Travel – a reflective summary


Travel isn’t slow. Any shift of location challenges our assumptions and habits. Our central-seeming self is more responsive to physical location than we care to admit, for we are each an expression of our local environment, of the land we stand upon. A moving landscape makes for changing folk.

No, travel isn’t slow. But we do possess technologies that function to insulate us from travel’s quickenings. Only through these devices can we create slowness in travel, with time expanding outward from intentions of instantaneity.

In quick silvery modern machines, our cars and planes, we enact a drama of cartographic reduction, a disappearance of landscape, a sensory deprivation. The very air we breathe is monitored and controlled
by devices we mostly don’t understand. This sort of travel delivers only a simulacrum of journey, a departure all blinded by arrival. Although movement at seventy mph allows rapid physical movement,
it is yet incomplete:

“The soul”, goes the adage, “flies like a dove:
for short distances, at speeds of up to 20 mph”.

Still, it is strong goodness to find oneself stuck in a traffic jam, complaining about the other cars. Locked in the heavy metal box, far from here or there, confirms what is known in the heart: “this is the wrong way to get about”.

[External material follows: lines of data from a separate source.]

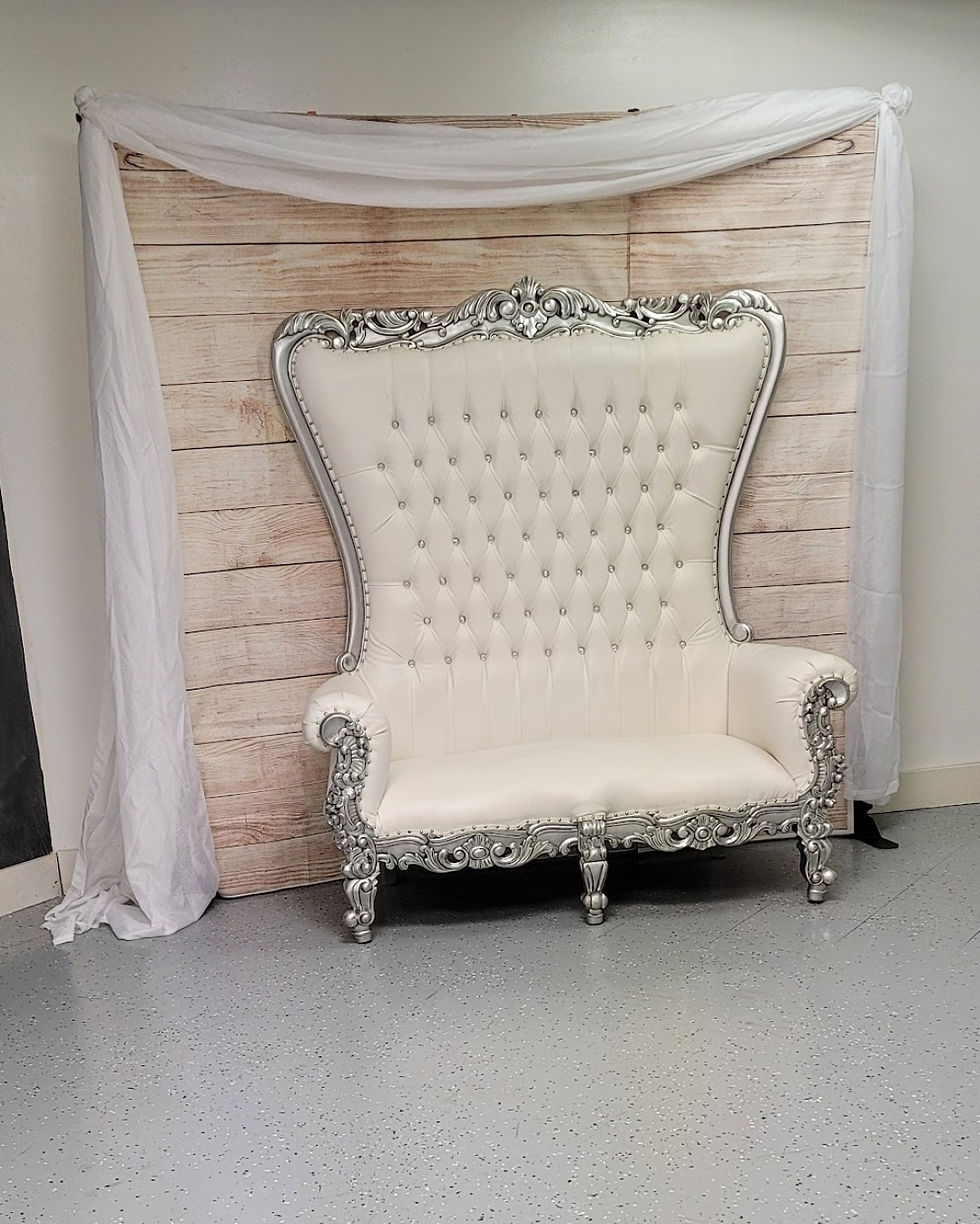Thumbnail: Silver Love Seat Throne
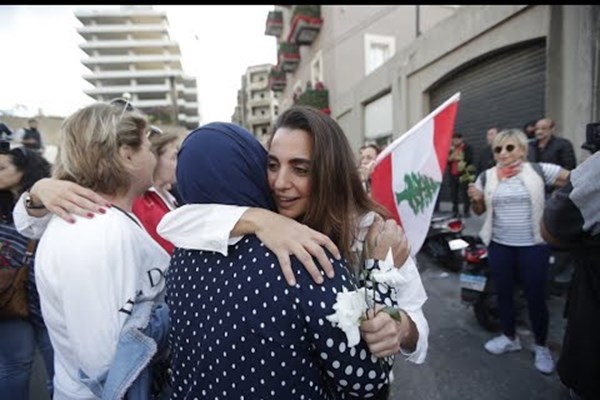 زنان لبنانی با گُل به میدان آمدند + تصاویر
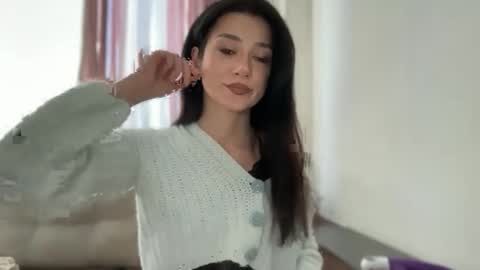 viktoriia9604 online show from May 7, 9:36 am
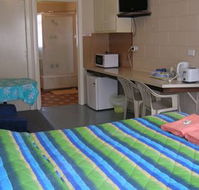 Turn In Motel - Australia Accommodation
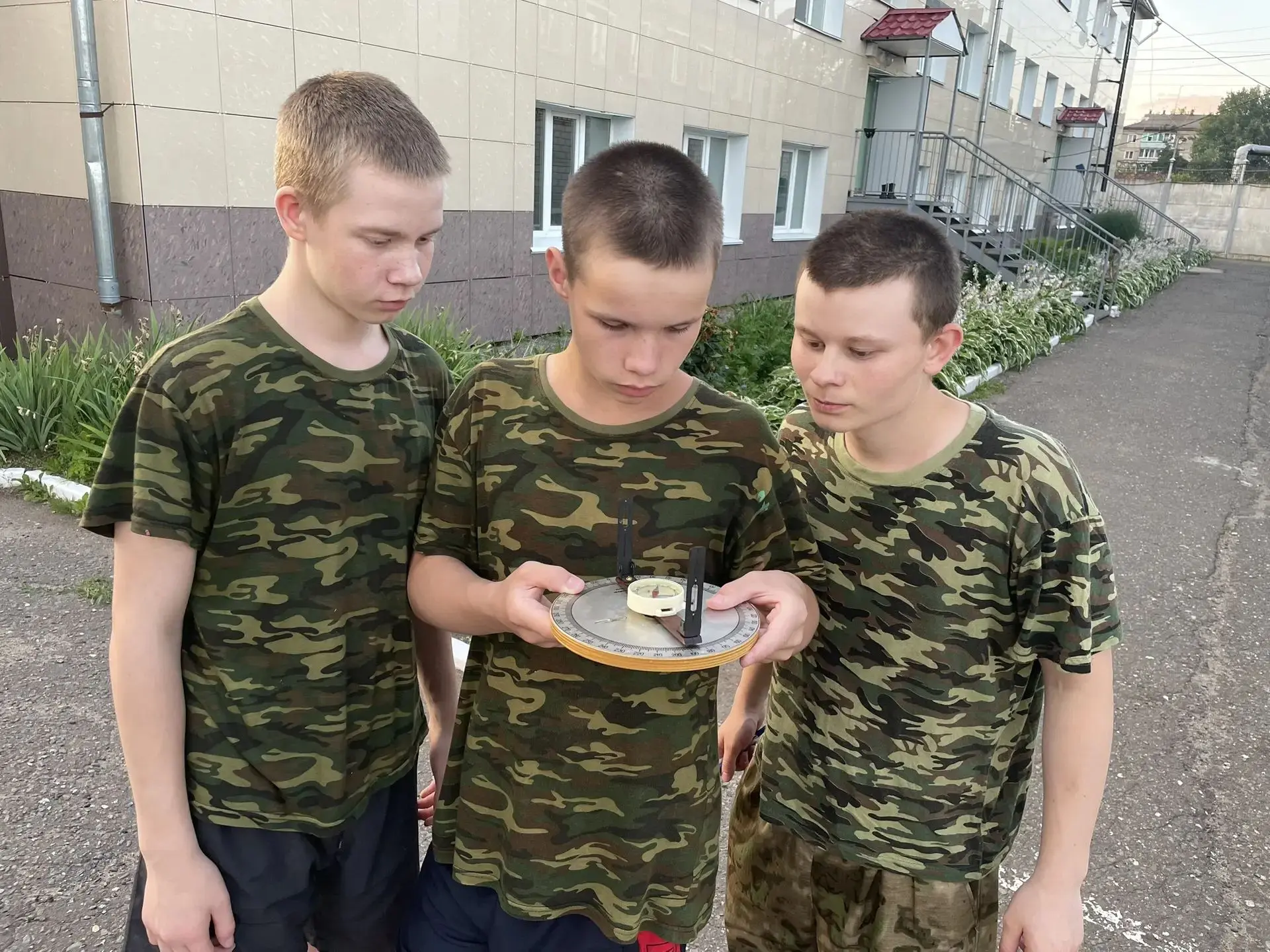 Азимут на победу: очередной этап соревнований  «По армейским нормативам» в разгаре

There is little slowness in walking. Each footstep leads to new vistas, new conjunctions of history, idea, land and self. A constant sense of rediscovery arises, and secret doors curl inward for exploration.

Walking is full-speed work, and requires a response to every nuance of changing weather and environment. With eyes only for destination, you will soon trip up, get wet, and want to go home.

Haraka Hyena Baraka – ‘Hurry up’ steals the blessing.